→ Exercise instructions:
All lines from the one containing "Isometric Digital Library" through the end of the data below are to be repeated exactly, with pictures left out.

→ Exercise data:
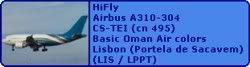 HiFly Airbus A310-304 CS-TEI (cn 495) Basic Oman Air colors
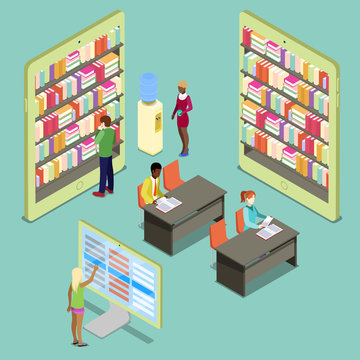 Isometric Digital Library with Bookshelves and Reading People. Vector illustration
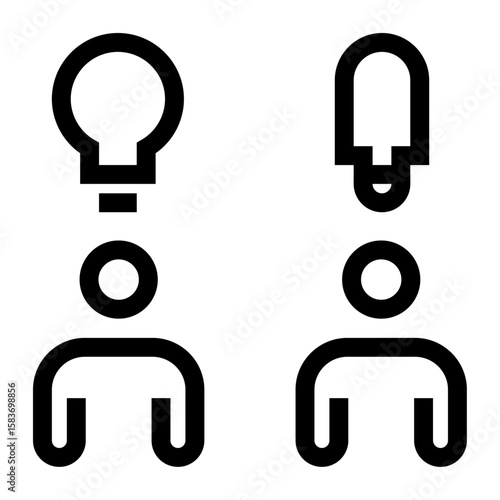 Icono de diversidad de pensamiento. Variedad de ideas y enfoques creativos. Personas y múltiples bombillas con estilos diferentes. Ilustración vectorial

→ Result for this task:
 Isometric Digital Library with Bookshelves and Reading People. Vector illustration
 Icono de diversidad de pensamiento. Variedad de ideas y enfoques creativos. Personas y múltiples bombillas con estilos diferentes. Ilustración vectorial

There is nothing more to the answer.